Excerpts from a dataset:
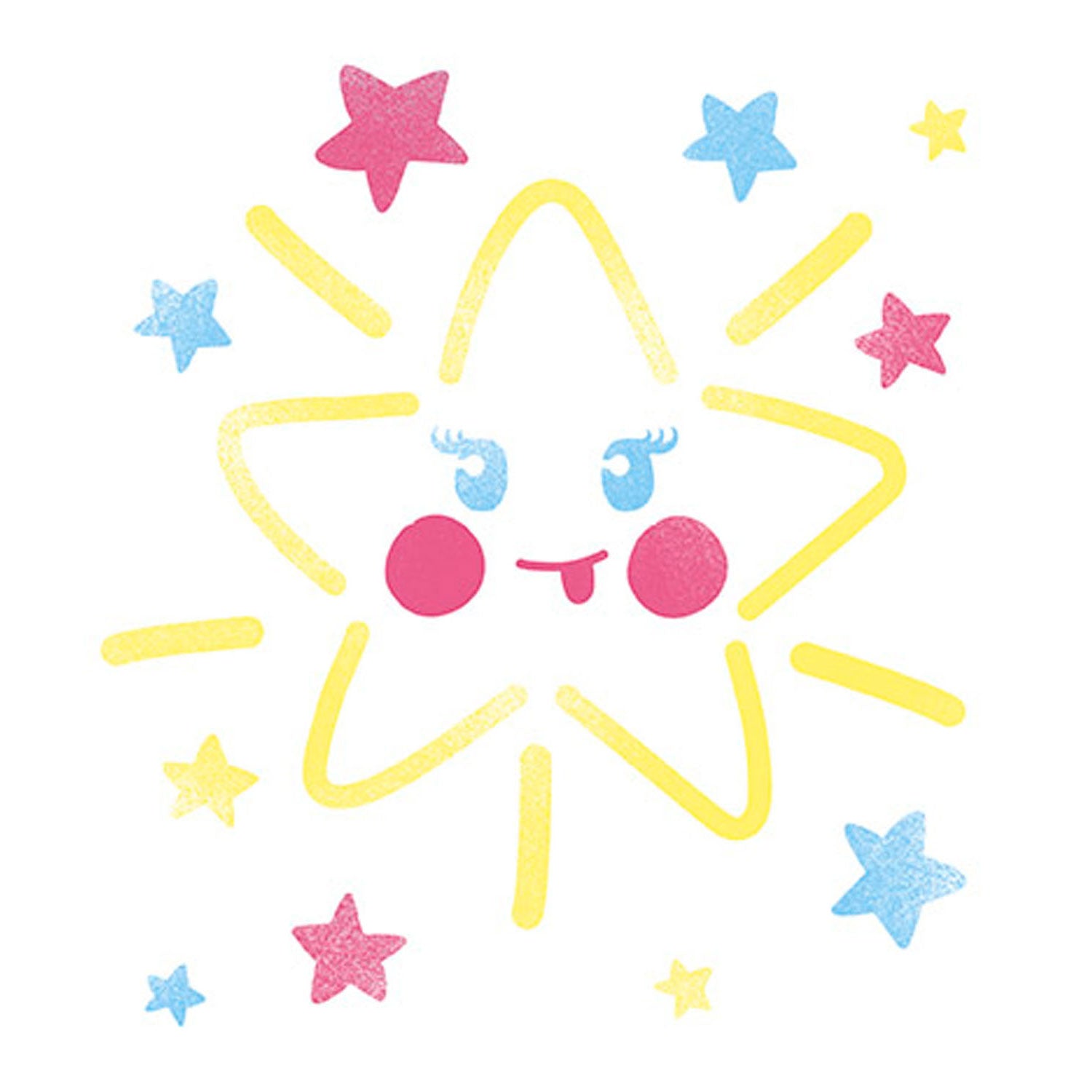 Eenhoorn Blaaspennen met Sjabonen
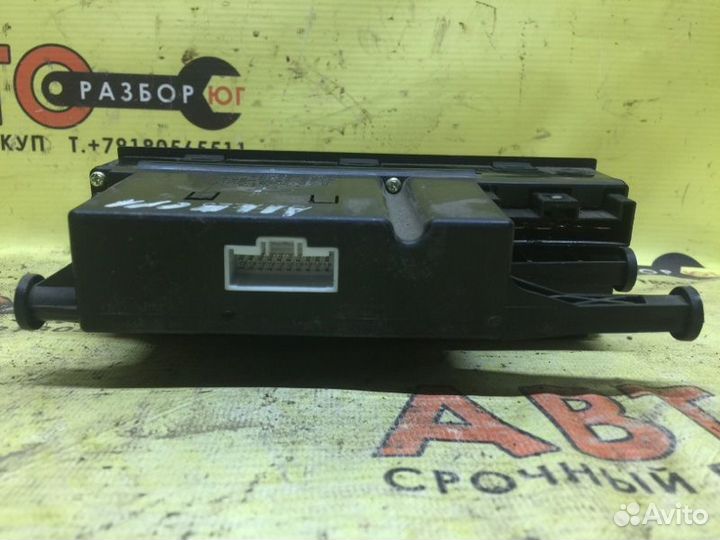 Блок управления климат-контролем Nissan Almera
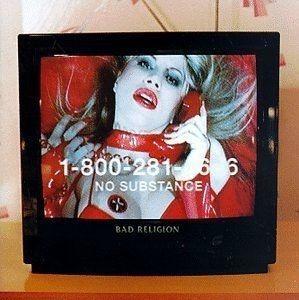 Portada de Álbum "No Substance", de Bad Religion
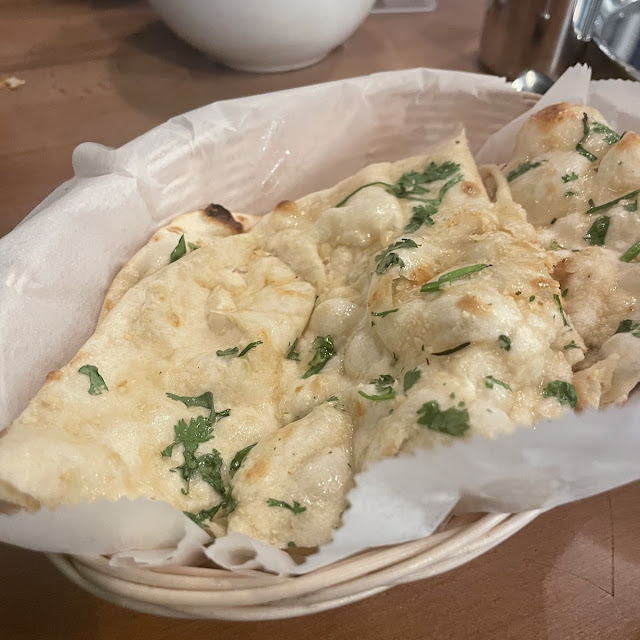 Garlic Naan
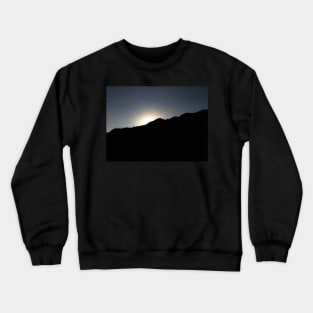 Etna sunset Crewneck Sweatshirt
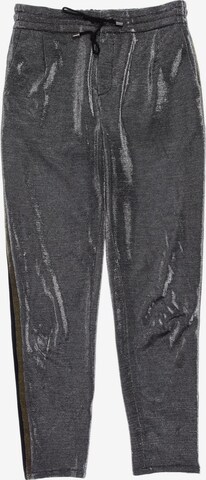 DRYKORN Pants in XS in Silver: front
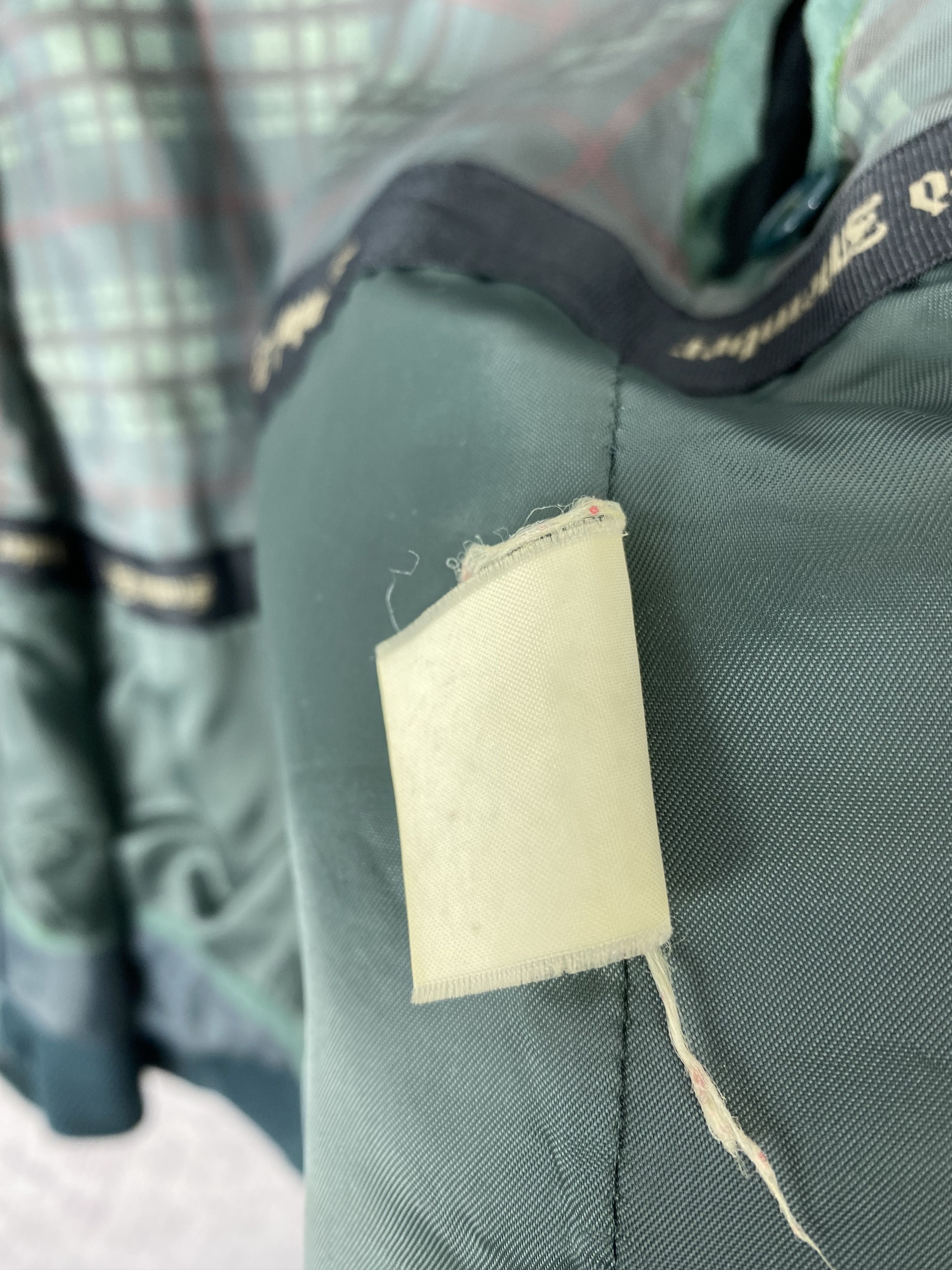 Japanese Brand Vintage Standard Member ZIp Up Light Nylon Jacket Size US M / EU 48-50 / 2 - 9 Thumbnail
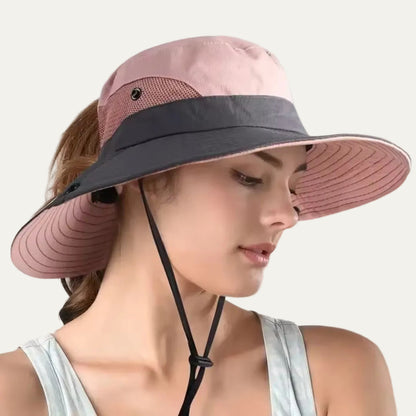 VogeLuxe | Women’s Wide Brim Sun Protection Hat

◆ **WHAT TO WORK ON**:
From the line containing "DRYKORN Pants in XS in Silver: front" down to the last line of the entries above, retype each line exactly as it stands, but skip the pictures.

◆ **ANSWER TO THIS PROBLEM**:
 DRYKORN Pants in XS in Silver: front
 Japanese Brand Vintage Standard Member ZIp Up Light Nylon Jacket Size US M / EU 48-50 / 2 - 9 Thumbnail
 VogeLuxe | Women’s Wide Brim Sun Protection Hat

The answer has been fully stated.